Song by Joe Satriani

from the album Flying in a Blue Dream
- Released: October 30, 1989
- Recorded: Fantasy Studios, Berkeley, CA; Hyde Street Studios; Different Fur; Coast Recorders; Alpha & Omega Recording, San Francisco, CA
- Genre: Instrumental rock
- Length: 5:28
- Label: Relativity Records
- Songwriter: Joe Satriani
- Producers: Joe Satriani, John Cuniberti

= Flying in a Blue Dream (song) =

"Flying in a Blue Dream" is a song by American guitarist Joe Satriani, from his 1989 studio album of the same title. It starts with a recording of a radio station teamed with emotional feedback then follows into the proper song. It is one of Satriani's most popular songs, and is still performed at all of his live concerts. Live versions can be found on the Live in San Francisco, Satriani Live!, and G3: Live in Concert albums.

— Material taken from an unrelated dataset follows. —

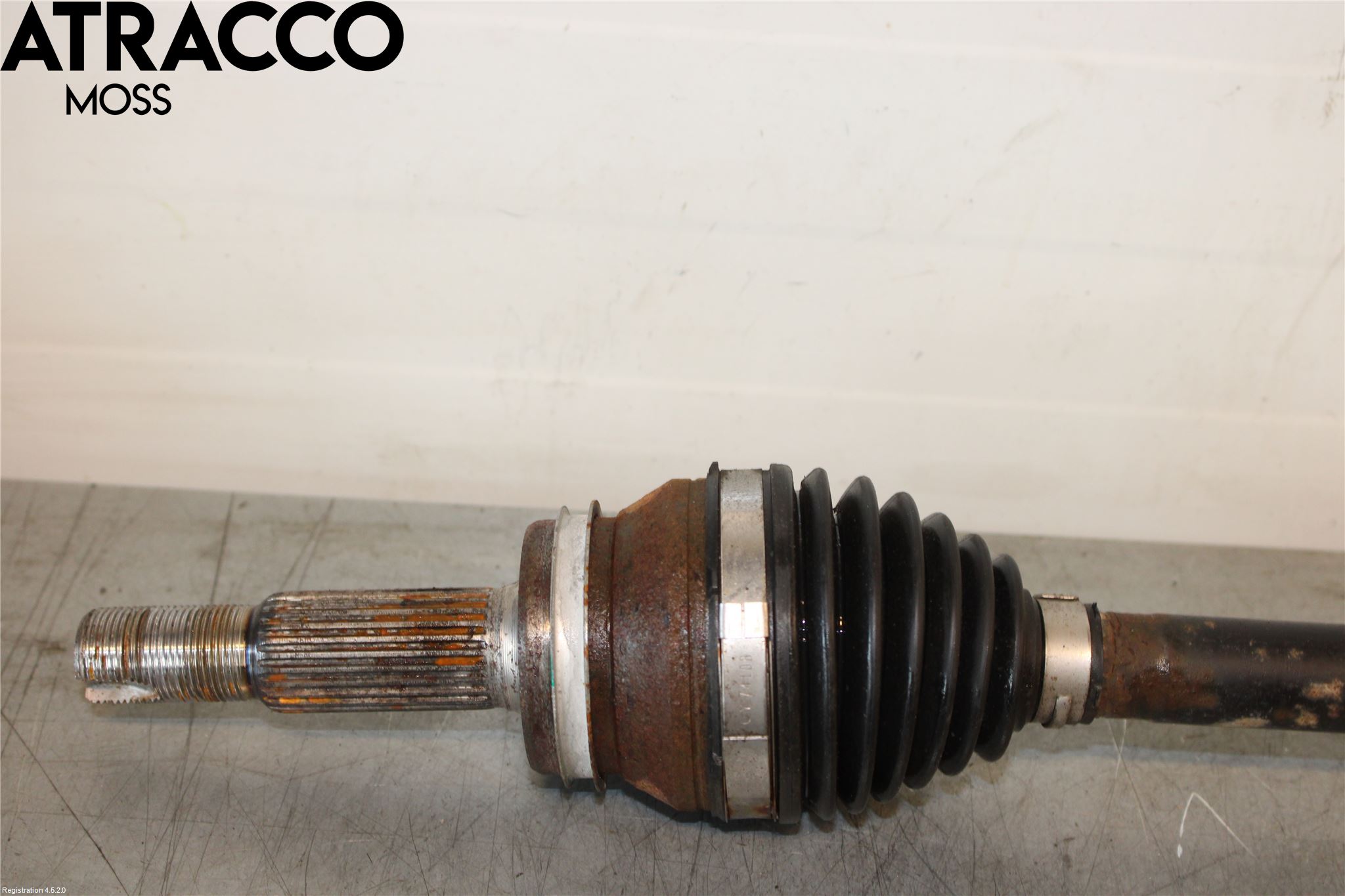 Toyota RAV4 19- Drivaksel Bak Kompl Høyre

The intro heard was not planned, but was recorded nonetheless by producer John Cuniberti while recording Satriani's guitar parts for the song. Apparently, Satriani's amplifier was picking up a frequency from a radio or TV station, and Cuniberti simply said, "I'm recording this," and proceeded. Amidst the recorded speech is a young boy's voice saying "sometimes afterwards they still like each other, and sometimes they don't." The same excerpt is still used today when Satriani performs the song in concert. The acoustic rhythm guitar part is usually played as a backing track.

Musically, the track strongly features the C Lydian mode, giving it a spacey-dreamy feeling.

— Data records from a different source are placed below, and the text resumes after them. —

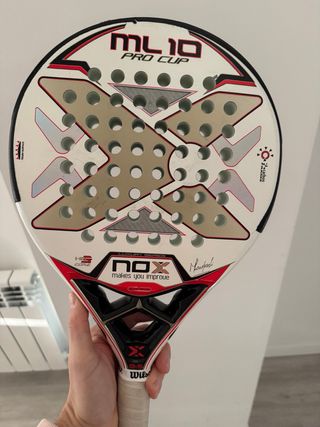 Pala de pádel ML10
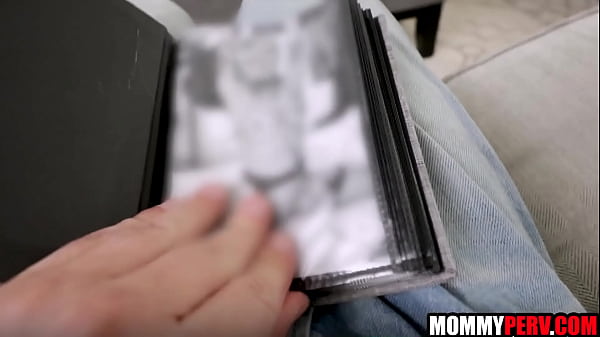 Stepson found stepmoms nude pics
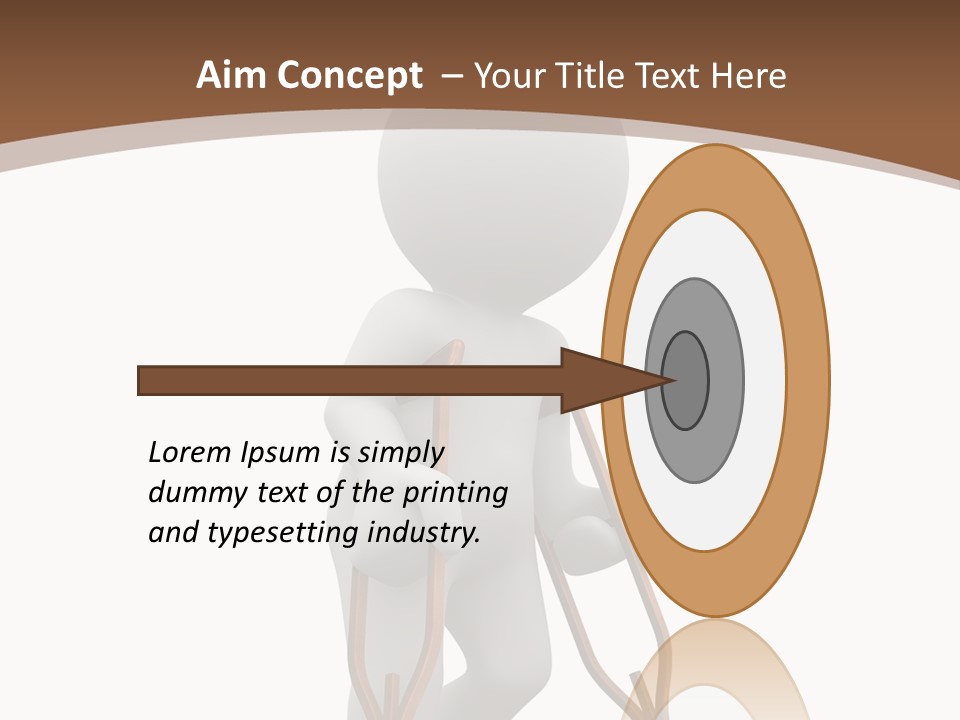 Foot Step Girl PowerPoint Template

Also featured strongly in the track is Joe Satriani's fluid and complex usage of the legato technique to quickly play scalar runs.

When played live, the intro feedback is produced by Satriani and then manipulated by physically moving himself and his guitar to different positions relative to his amplifier - this changes the frequencies of the feedback, giving an interesting array of variations on the initial feedback. Satriani knows where the harmonics are generated on each separate stage on tour by "mapping them out" during soundchecks and marking the physical points on-stage with tape.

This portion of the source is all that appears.